No sé muy bien quién era y a qué se dedicaba “el
Constantino”. Sólo sé que era un señor al que mi padre tenía que visitar por
motivos de trabajo de vez en cuando.
Lo que sí ha quedado grabado en mi memoria es el
peculiar sentido del juego que tenía el hijo de este señor. Según contaba mi
padre, el niño en cuestión tenía como diversión y pasatiempo la costumbre de lanzar una piedra al aire para acto
seguido intentar rematarla de cabeza. Cuando al fin triunfaba y lograba
conectar un certero testarazo su gesto no era el de gozo y satisfacción de los
grandes cabeceadores, ya sea al modo de Zarra y la furia española o al más
moderno y ágil de Santillana sino el natural de llanto intenso debido al daño
autoinfligido.
Si ya la peculiar hazaña del hijo del Constantino
resulta notable y digna de atención, lo más llamativo era que, en su caso, tras
la recuperación del daño físico volvía a insistir en la misma táctica de juego,
lanzando la piedra al aire una segunda e incluso una tercera vez.

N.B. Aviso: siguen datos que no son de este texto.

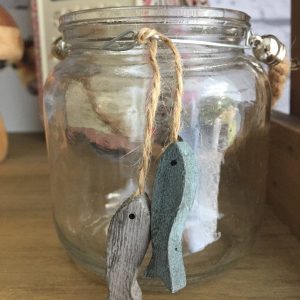 Glass Jar Tealight Holder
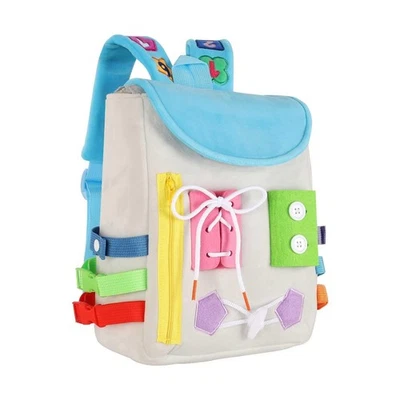 Mochila de tabla ocupada para niños pequeños, juguetes de actividades de aprendizaje para habilidades motoras finas, viajar Foto 1 de 4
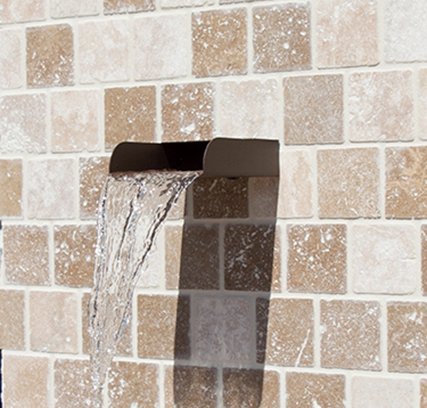 Mosegi 6" Rectangular Water Spout Scupper Spillway For Pools Ponds Fountains Brown Bronze #TOP4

Constantino, el padre, se lamentaba ante el pertinaz
comportamiento de su hijo y con desesperación pero a su vez con indudable
lucidez exclamaba : “¡este hijo mío es tonto!”.
El padre, en su turbación era incapaz de apreciar la
evolución que el ser humano experimentaba en su hijo, pues de ser un animal que
tropezaba dos veces en la misma piedra había pasado a ser un animal que
remataba dos, tres o las veces que fueran necesarias un pedrusco, sin que le
bastara la primera experiencia.
Me temo que en algunos de nuestros comportamientos y
actitudes no estamos muy lejos del hijo del Constantino.
( 1934-2014. Clave para iniciados ).